» YOUR INSTRUCTIONS
The lines needed run from the one that contains "Door handle black" through the end of the material below, both included; write them out exactly, with no pictures.

» INFORMATION SHOWN
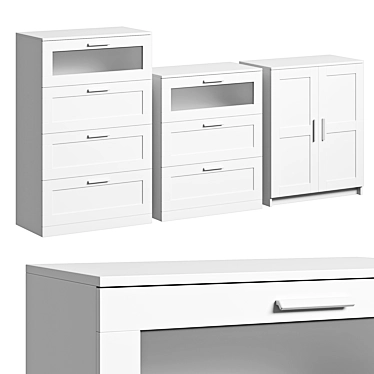 Modern White Comodes by IKEA 3D model image 1 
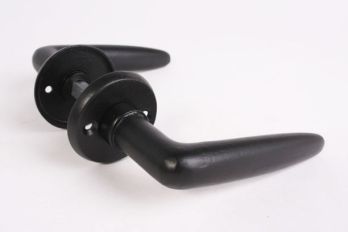 Door handle black cast iron Dudok per pair with round handle rosettes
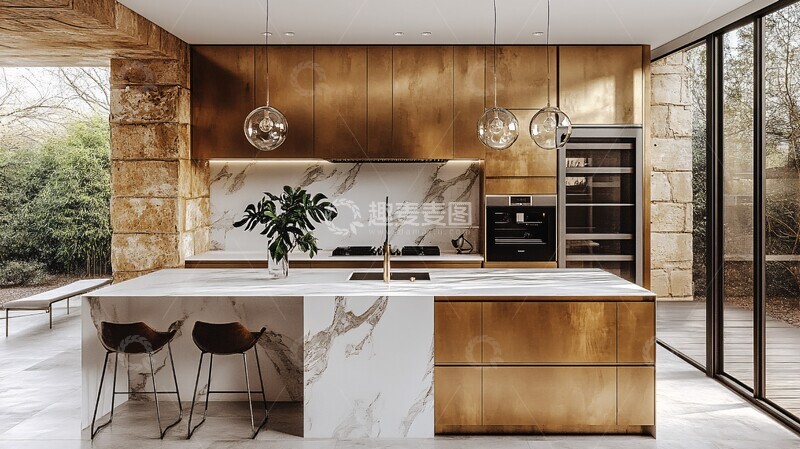 高清大图下载【趣麦麦图】金色橱柜白色台面3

» EXERCISE OUTPUT
 Door handle black cast iron Dudok per pair with round handle rosettes
 高清大图下载【趣麦麦图】金色橱柜白色台面3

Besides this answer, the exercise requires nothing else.